The following is a regional summary of the current "boat people" crisis:

Malaysia

Malaysian police say people-smugglers have dumped at least 1,018 migrants in shallow waters off the coast of the resort island of Langkawi since Sunday.

"We know that there are more boats out there that want to come in," Langkawi police chief Haritth Kam Abdullah told AFP on Monday, citing police intelligence.

Some migrants swam to shore after harrowing month-long journeys at sea, packed in with hundreds of other people without adequate food or water.

Indonesia

On Sunday Indonesian authorities intercepted a boat off the coast of northwestern Aceh province rescuing more than 600 migrants, many of whom were desperately weak.

A second vessel carrying about 400 migrants was spotted the following day by Indonesian navy vessels. The boat was damaged but afloat and its captain had fled.

Unlike the earlier boat, these migrants did not land in Aceh. Indonesia's navy confirmed Tuesday it had provided the boat with fuel and then towed it out of their waters, declining to say if it was heading to Malaysia, its suspected destination.

Thailand

Thailand's national police spokesman Prawut Thavornsiri told AFP Tuesday that aviation police were using helicopters to scour the Andaman Sea for migrant boats while marine police were patrolling the shore.

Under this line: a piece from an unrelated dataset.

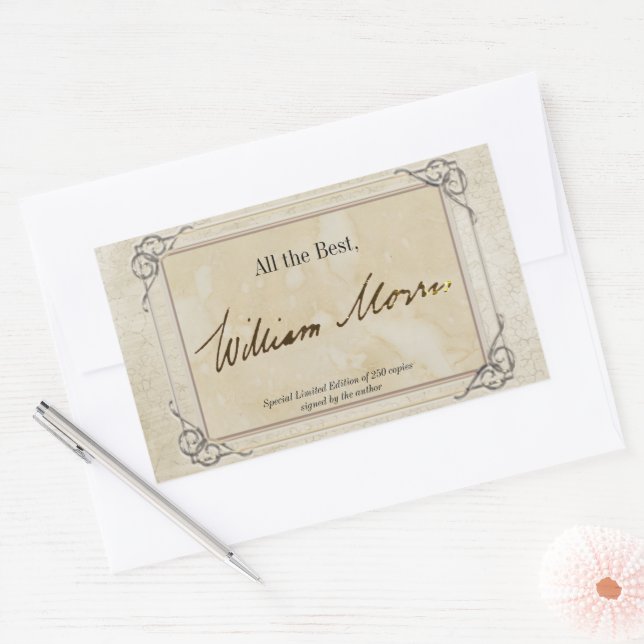 Sticker Rectangulaire Signature Auteur Modèle BookPlate (Enveloppe)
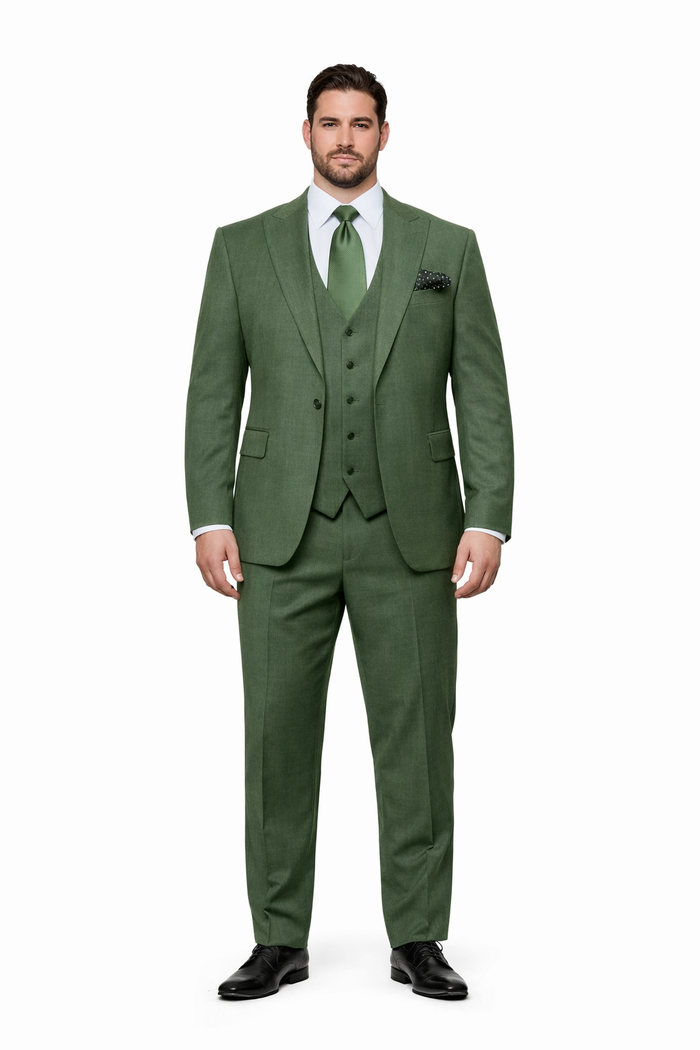 Forest Chancellor Green 3-Piece Tailored Luxe Suit by Rossiman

He added that no new migrant boats had been detected at the common entry points of Ranong and Satun coastal provinces since the recent police crackdown.

However Chris Lewa from The Arakan Project, a respected Rohingya rights group that monitors boat crossings, told AFP she believes there is "a boat in distress in Thai waters" near Langkawi, citing contacts in the trade.

"We think there are around 450 people on board," she said, adding there may be a further two boats carrying migrants under control of brokers near Langkawi.

Since May 1 some 250 migrants from Bangladesh and Myanmar have been found in the southern Thai province of Songkhla, bordering Malaysia, seemingly abandoned by traffickers who are on the run from police.

Bay of Bengal

Coastal towns along Bangladesh's Cox's Bazaar district and Myanmar's Rakhine State are the start point for most migrant journeys.

Small vessels carry migrants out to larger "cargo" boats moored in international waters, which head towards South East Asia when full.

Arakan Project's Chris Lewa said her contacts had told her that five cargo vessels left in early May headed east.

"These boats usually carry between 250-800 people. So there could be at least another 1,000 on their way," she said.

Two remain moored in the Bay of Bengal but are not thought to be taking on any more people at the moment, she added.